SEAT is showcasing the new SEAT Exeo at the Paris Motor Show, the car with which the company is making its way into the mid-size saloon segment. Exclusive, elegant and sporty, the new Exeo represents a giant leap in quality for SEAT, whose aim is to explore new markets and widen its already attractive model range.
* Full Story *


----------



## Golgo-13 (Aug 20, 2003)

*Re: New SEAT Exeo: B7-Based Sedan from Volkswagen Group Spanish Subsidiary ([email protected])*

Really nice.
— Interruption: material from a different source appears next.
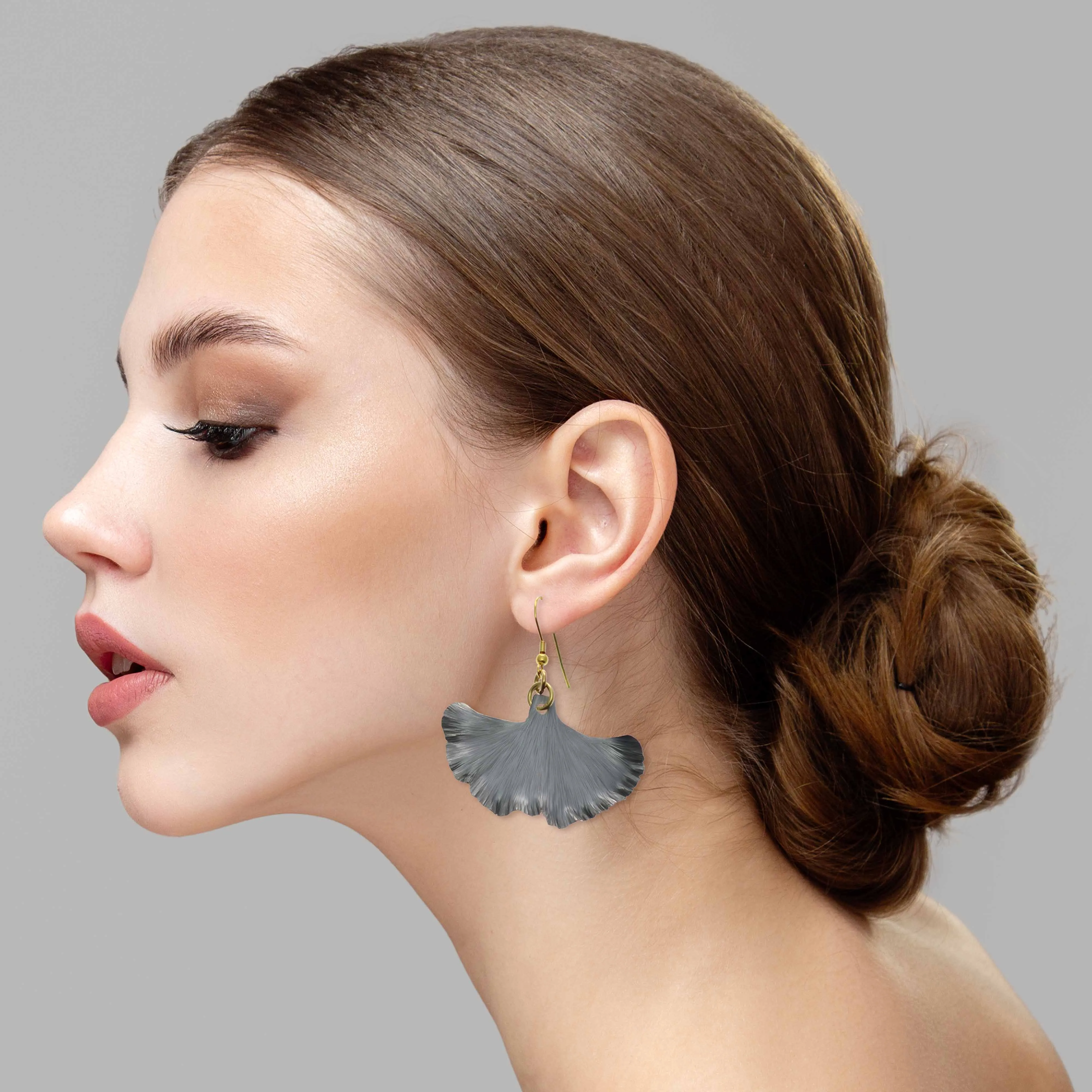Pewter Gray Anodized Aluminum Medium Ginkgo Leaf Earrings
Would love one in N.A.


----------



## nash_nj (Feb 28, 2008)

Beautiful car, based on the previous generation of the A4 but 30% cheaper and more aggressive looking... 
Nice move by Seat (VW)


----------



## Volksboy (Aug 8, 2000)

*Re: New SEAT Exeo: B7-Based Sedan from Volkswagen Group Spanish Subsidiary ([email protected])*

Poor Audi.


----------



## zither99 (Mar 22, 2004)

*Re: New SEAT Exeo: B7-Based Sedan from Volkswagen Group Spanish Subsidiary (Volksboy)*

It's older model recycling, like the MKIV GOLF in Canada, sold as a CITY GOLF, but at least still a golf, where-as this... u can see for yourself.


----------



## puebla (Sep 9, 2003)

*Re: New SEAT Exeo: B7-Based Sedan from Volkswagen Group Spanish Subsidiary ([email protected])*

nice car, the cupra FR is a blast to drive and even the audi a3 pd170 is a monster off the showroom floor. dunno bout a 4 door though.


----------



## 155VERT83 (Aug 1, 2000)

*.*

I like this. :thumbup:


----------



## Enchiladas (May 10, 2012)

very A4


----------